Ce choix s'inscrit aussi dans un calendrier politique précis. La décision tombe de manière opportune, alors que les élections de mi-mandat américaines approchent. Les deepfakes générés par IA sont devenus un enjeu majeur lors du cycle électoral de 2024, quand YouTube a mobilisé ses créateurs pour identifier les représentations non autorisées de personnalités publiques. La plateforme a tiré les leçons de cette expérience. Elle anticipe plutôt qu'elle ne réagit.
Le programme ne sera pas disponible partout en même temps. L'outil sera d'abord accessible en France, au Royaume-Uni, aux États-Unis et au Brésil. YouTube prévoit d'ouvrir progressivement son accès au cours des prochains mois, avec l'objectif de le rendre disponible dans le monde entier d'ici à la fin de l'année.
UNE INITIATIVE PRIVEE LA OU LA LOI N'A PAS ENCORE AGI
Ce qui frappe dans cette annonce, c'est la vitesse à laquelle une entreprise privée se positionne sur un terrain que les législateurs n'ont pas encore balisé. En Europe, le règlement sur l'IA (AI Act) est entré progressivement en vigueur, avec des obligations d'étiquetage des contenus synthétiques, mais sans aller jusqu'à imposer des mécanismes de détection aussi précis que « Likeness ID ». Aux États-Unis, le cadre législatif fédéral reste fragmentaire malgré les débats autour du NO FAKES Act.
YouTube avance donc sur ses propres règles. Cette une posture a ses avantages qui sont la rapidité, l’adaptabilité, l’absence de lourdeurs bureaucratiques. Mais elle soulève aussi des questions légitimes. Qui contrôle le contrôleur ? Selon quels critères YouTube décidera-t-elle qu'un contenu relève de la satire plutôt que de la désinformation ? Comment garantir que des demandes de retrait ne seront pas utilisées pour censurer des contenus critiques mais légitimes ?
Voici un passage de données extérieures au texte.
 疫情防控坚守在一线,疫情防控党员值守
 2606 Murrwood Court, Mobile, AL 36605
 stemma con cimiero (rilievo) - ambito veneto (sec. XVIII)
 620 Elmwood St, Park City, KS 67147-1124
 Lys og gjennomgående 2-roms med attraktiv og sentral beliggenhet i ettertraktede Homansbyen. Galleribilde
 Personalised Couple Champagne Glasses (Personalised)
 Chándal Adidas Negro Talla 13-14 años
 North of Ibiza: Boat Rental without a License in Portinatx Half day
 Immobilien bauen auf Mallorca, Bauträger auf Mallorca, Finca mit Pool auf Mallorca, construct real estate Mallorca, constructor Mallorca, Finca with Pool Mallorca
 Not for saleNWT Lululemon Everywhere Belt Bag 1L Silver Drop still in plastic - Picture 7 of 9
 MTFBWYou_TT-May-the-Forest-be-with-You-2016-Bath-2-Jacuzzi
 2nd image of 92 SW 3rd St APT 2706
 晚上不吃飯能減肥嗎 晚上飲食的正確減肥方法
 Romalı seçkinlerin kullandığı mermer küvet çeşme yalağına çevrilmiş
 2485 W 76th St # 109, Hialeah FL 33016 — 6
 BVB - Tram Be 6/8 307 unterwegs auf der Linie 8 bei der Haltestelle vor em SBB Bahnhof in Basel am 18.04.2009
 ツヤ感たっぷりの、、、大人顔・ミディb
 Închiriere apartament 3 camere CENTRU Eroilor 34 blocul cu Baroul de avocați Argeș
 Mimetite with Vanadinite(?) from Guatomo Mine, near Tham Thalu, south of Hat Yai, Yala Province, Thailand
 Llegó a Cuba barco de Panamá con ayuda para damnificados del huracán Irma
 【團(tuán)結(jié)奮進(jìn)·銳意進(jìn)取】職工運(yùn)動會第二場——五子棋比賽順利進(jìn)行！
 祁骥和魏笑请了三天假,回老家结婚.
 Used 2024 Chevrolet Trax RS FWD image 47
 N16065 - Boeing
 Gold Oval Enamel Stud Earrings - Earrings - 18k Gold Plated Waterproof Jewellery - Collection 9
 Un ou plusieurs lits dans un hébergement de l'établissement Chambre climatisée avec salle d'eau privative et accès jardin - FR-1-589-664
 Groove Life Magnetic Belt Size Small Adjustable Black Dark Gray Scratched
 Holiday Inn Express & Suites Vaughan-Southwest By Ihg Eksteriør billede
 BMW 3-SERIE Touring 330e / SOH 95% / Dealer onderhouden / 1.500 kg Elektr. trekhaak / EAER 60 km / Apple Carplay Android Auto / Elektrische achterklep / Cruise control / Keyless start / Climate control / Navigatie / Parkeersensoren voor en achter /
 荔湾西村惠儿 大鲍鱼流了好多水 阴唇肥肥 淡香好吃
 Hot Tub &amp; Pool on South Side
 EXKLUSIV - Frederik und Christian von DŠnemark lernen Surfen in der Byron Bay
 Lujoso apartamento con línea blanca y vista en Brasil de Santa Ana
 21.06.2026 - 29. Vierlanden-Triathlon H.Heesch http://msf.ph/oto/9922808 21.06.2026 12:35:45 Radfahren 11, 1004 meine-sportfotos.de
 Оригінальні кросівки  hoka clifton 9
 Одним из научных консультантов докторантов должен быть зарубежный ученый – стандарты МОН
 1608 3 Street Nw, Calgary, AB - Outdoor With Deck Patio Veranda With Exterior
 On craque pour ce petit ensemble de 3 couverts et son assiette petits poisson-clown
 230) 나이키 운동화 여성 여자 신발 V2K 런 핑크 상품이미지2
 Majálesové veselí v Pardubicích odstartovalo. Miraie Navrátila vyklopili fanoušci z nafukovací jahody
Ces questions ne disqualifient pas l'initiative. Elles la contextualisent. «Likeness ID» est un progrès réel dans la capacité à détecter et à signaler les usurpations d'identité numériques. Mais ce progrès reste dépendant des décisions d'une entreprise privée, soumise à ses propres intérêts commerciaux, et opérant dans un vide juridique que seuls les législateurs peuvent combler durablement. Pour l'heure, YouTube montre l'exemple. Ce que d'autres plateformes, Meta, TikTok, X, feront de cet exemple reste à observer.